The Wall Street Journal:
Can Biden Broker A Covid Compromise?
The Covid-19 relief bill is the first test for the Biden administration. It’s no surprise there’s disagreement on how to proceed. One controversy is strategic: How vigorously should the administration pursue bipartisan support for its legislation, and what price should it be willing to pay to achieve it? Some Democrats—myself among them—believe that the president’s calls for unity will be hollow unless he does all he can to reach a bipartisan agreement that satisfies his core objectives. Monday’s meeting with 10 Republican senators to discuss their $618 billion offer was a good first step, and conversations will continue. In the end compromise may be out of reach, and Mr. Biden could be forced to depend on Democratic votes. Then the question will be if the arcane congressional process of “budget reconciliation” is compatible with political reconciliation. The optimists hope that the president can start with one-party government and shift to bipartisanship later; the pessimists fear that early partisanship will poison the well for the next two years. I believe that the preponderance of the evidence supports the pessimists, but Mr.
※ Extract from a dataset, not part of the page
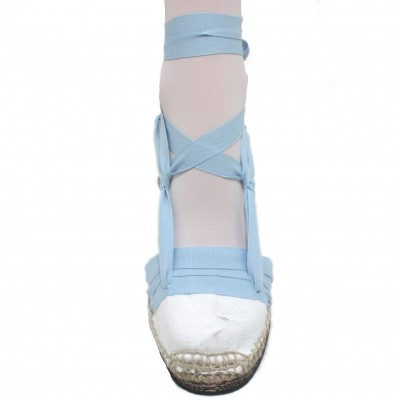 Espadrilles Tres Vetes Light Blue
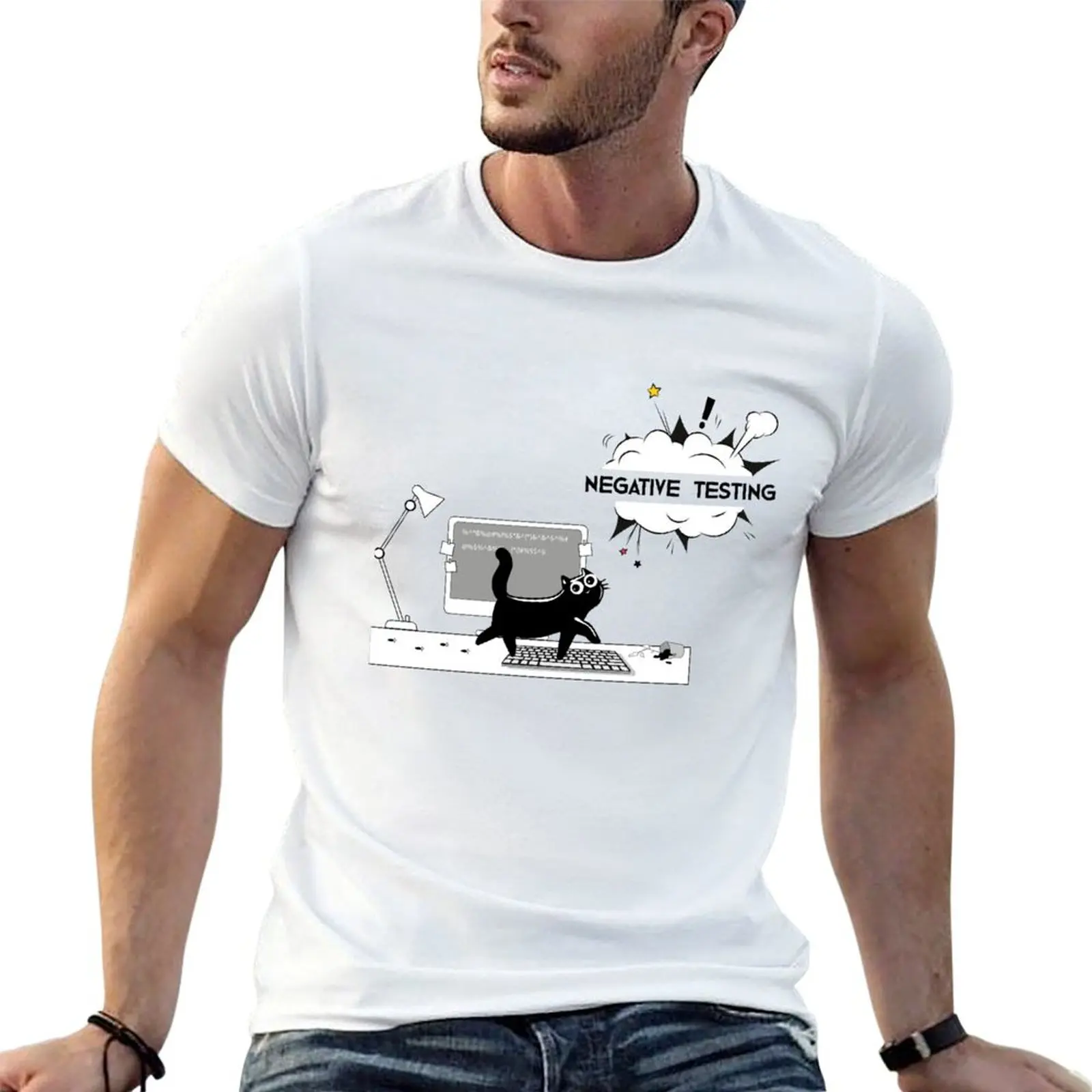 Negative Testing QA Engineer, Quality Assurance T-Shirt Lightweight Print T-Shirt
Biden will have to make a tough call. (William A. Galston, 2/2)
The Washington Post:
Public Education’s Two Afflictions: Covid-19 And Teachers Unions
Of course the Chicago Teachers Union blamed “sexism, racism and misogyny” for the pressure to open the nation’s third-largest public school system. The CTU could have added a fourth grievance: anti-Puerto Rican vacationism. On the same day that a CTU board member explained that she was not in a classroom teaching because schools are unsafe, she posted a poolside photo of her grinning self, 2,000 miles from Chicago’s winter winds. Teachers unions always justify their aggressions as “for the children,” but always are serving only their members. Abundant data — from public and private U.S. schools, many of which have remained open, and from schools worldwide — refutes the proposition that children, or teachers, are seriously endangered in schools that have taken, as in Chicago, precautions including air purifiers and intensified cleaning. (George F. Will, 2/3)
Stat:
Medical School Debt Keeps New Doctors From Working In Underserved Areas
A medical degree from one of America’s elite private medical schools adds prestige to a new doctor’s resume. But it can also come with a significant impediment to society: Because of the exorbitant tuition these schools charge, it’s extremely difficult for their new doctors to help patients in underserved sections of the country who would greatly benefit from their skills, knowledge, and passion. (David Lenihan, 2/3)
The Hill:
Medicare Expansion Is A Discount Compared To Obamacare
President Biden’s ambitious program to fix American healthcare will succeed only if healthcare costs are brought under control. This can only be done with Medicare, which has a scale and simplicity that allow the administrative efficiency and market power needed to control costs. (Gerald Friedman and Travis Campbell, 2/2)
The Hill:
The Care Economy As An Infrastructure Investment
Infrastructure investment is at the top of the agenda for the new administration and for members of Congress on both sides of the aisle, as it’s a tried-and-true strategy for creating jobs while fulfilling a public need in the midst of a deep recession. (Heather McCulloch and Al-Jen Poo, 2/2)
The New York Times:
Covid Is Killing My Patients. Vaccines Can't Come Fast Enough
It takes nearly an hour to clean an intensive care unit room between Covid-19 patients. The curtains come down first. Next the custodial staff removes the trash, disposable gowns and gloves, biohazard bins, leftover belongings. They wipe the room down with bleach. New sheets on the bed, hospital corners. Mop the floor until the splatters of bodily fluids are gone, until it shines. I stopped to watch this process on one recent overnight shift as we prepared for a new patient. She was in her mid-60s, intubated with severe respiratory failure from Covid-19. In some states she might been vaccinated weeks ago, but not yet in Massachusetts, where 7.2 percent of the population has been vaccinated, a rate lower than in three-quarters of the rest of the country. And now she would enter the same freshly cleaned room where countless Covid-19 patients lived and died before her. (Daniela J. Lamas, 2/3)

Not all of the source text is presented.